A study of more than 400 year eight and 11 children found that many teenage texters behave like compulsive gamblers.
Are you anxious about your teenager’s compulsive texting? Well, you’re right to worry. Youngsters who keep checking their phones could have a problem.
The trouble is teens use text messaging and social media apps more than any other way to stay in touch. But a new study says youngsters who check their phones continually skip sleep, fail to do homework and may be compulsive texters. And acting this way is linked to lower academic achievement, especially in girls.
A study of more than 400 year eight and 11 children found that many teenage texters behave like compulsive gamblers. They lose sleep because of messaging, they can’t stop doing it and they lie about the amount of time they spend sending messages.
For them the phone itself causes great anxiety because of the need to check it all the time. Panic sets in when it can’t be found. Girls text compulsively at a much higher rate than boys. And unlike girls, boys who are compulsive texters aren’t at risk of poor performance.

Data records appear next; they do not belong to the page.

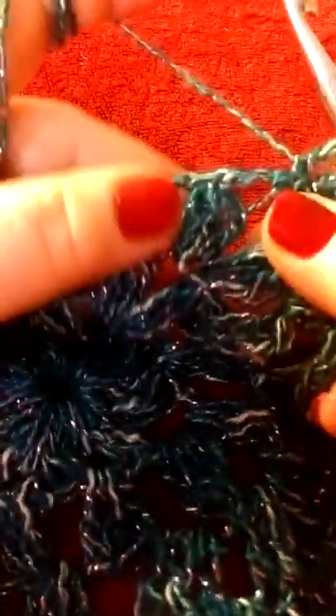Hi everybody! I'm going to show you the granny square that I'm doing right now. Okay, I'm at the corner, so I'm gonna do a half double crochet.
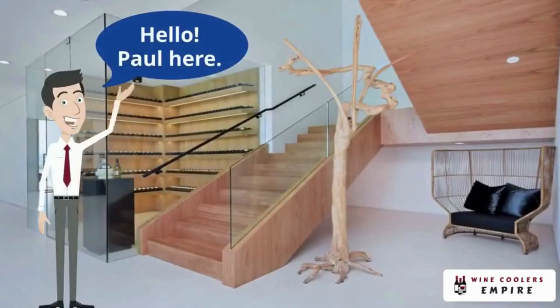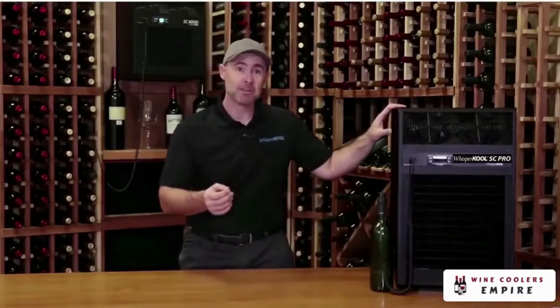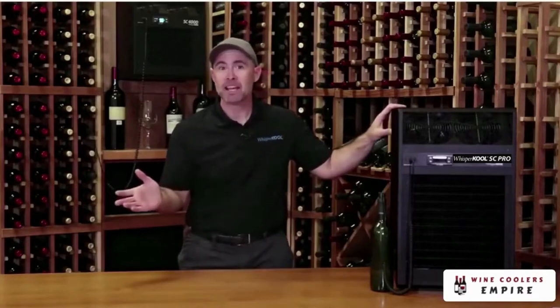Hello, Paul here for Whispercool Wine Cellar Cooling Unit. The SC is a self-contained cooling unit, meaning the evaporator and the condenser are located together in this one unit, and that has some advantages. You don't need a licensed HVAC technician to install it — you may be able to install the unit yourself, or an experienced handyman can help.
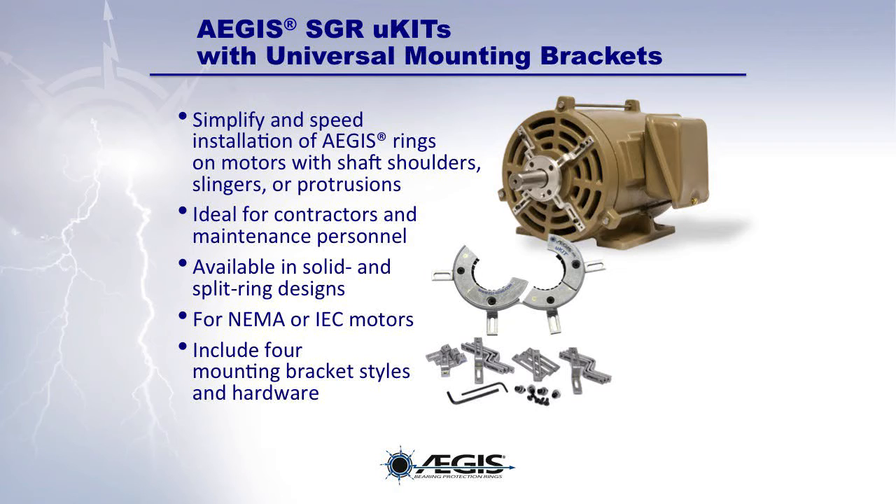Designed to clear protrusions, Aegis Universal Mounting Kits, or U-Kits, simplify and speed the installation of Aegis rings on such motors. Available in solid ring and split ring versions for NEMA or IEC motors, Aegis U-Kits include an Aegis ring and all mounting hardware — specifically, four different styles of mounting brackets as well as other needed hardware. They are the ideal solution for installing Aegis rings in the field on almost any motor.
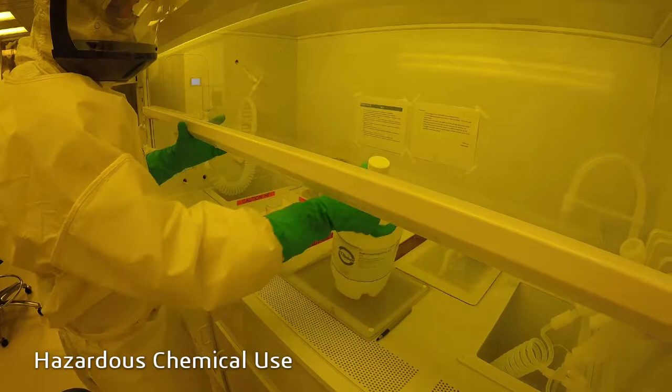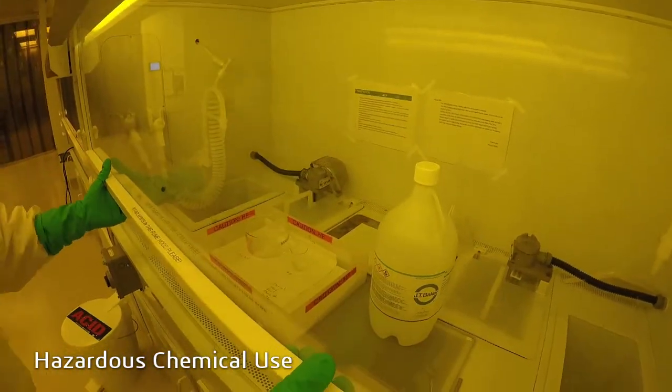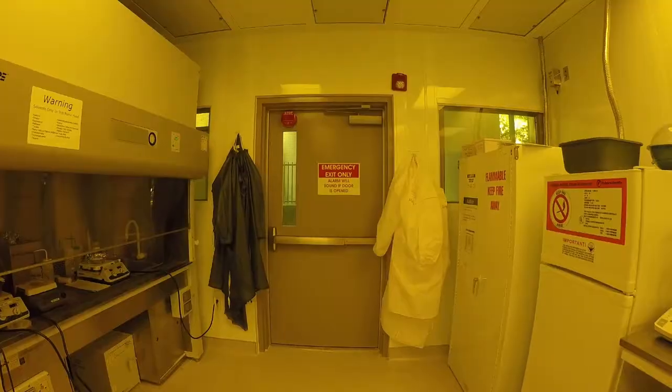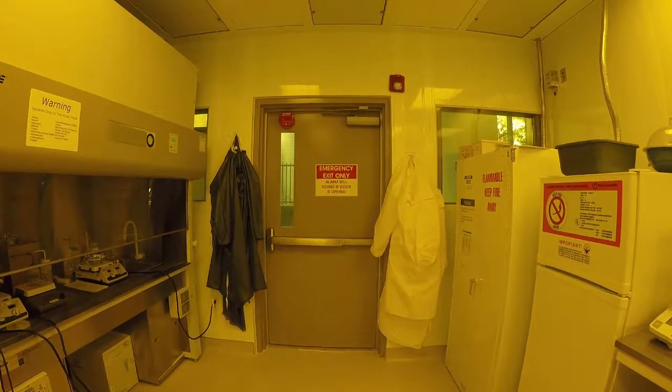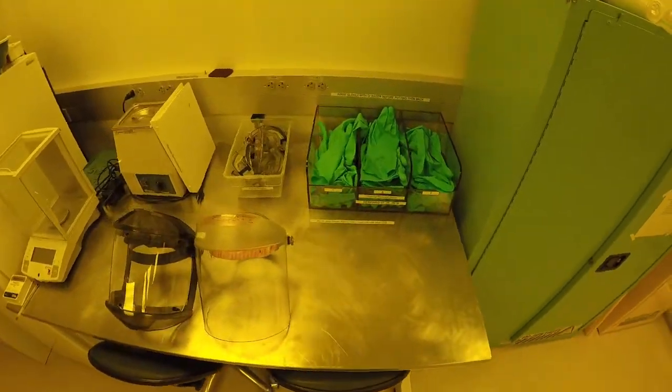When handling hazardous chemicals, additional controls are required for your safety, such as personal protective equipment and secondary containment. Full PPE consists of chemical resistant aprons, goggles, face shield, and heavy nitrile gloves.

The study, published online in US journal Psychology of Popular Media Culture, confirms the link between the excessive use of social media and lower school grades. The 2014 survey found the more time black and Hispanic teenagers spent on Facebook, the worse their marks in maths became.
Students who text while doing homework have lower grades. Those who text during class take less detailed notes and remember less information.
Studies have also linked high numbers of texts to sleep problems, possibly because teenagers wake up when they get a message. The US report noted that three-quarters of teenagers own a mobile phone and six out of 10 text every day. That’s more than they talk on the phone, meet with friends or email. The average number of texts sent by teens is 60 a day, with older girls sending around 100 text messages a day and boys about 50.
One issue is that texting encourages a short attention span so it’s no surprise it causes problems in school where hour-long concentration is required in class.
The latest UK report from the Office of National Statistics says depression, anxiety and other mental-health problems are more common in 10 to 15-year-olds who spend much of their time on social media.
This immersion in an imaginary world is damaging to the way youngsters see themselves and the way they perceive the real world.
The internet is full of false information and teenagers take it as gospel.
Then there’s the fact that social networks aren’t that social. If no one answers, a teen can feel like an outcast.
The case for monitoring your teen's phone use is very strong indeed.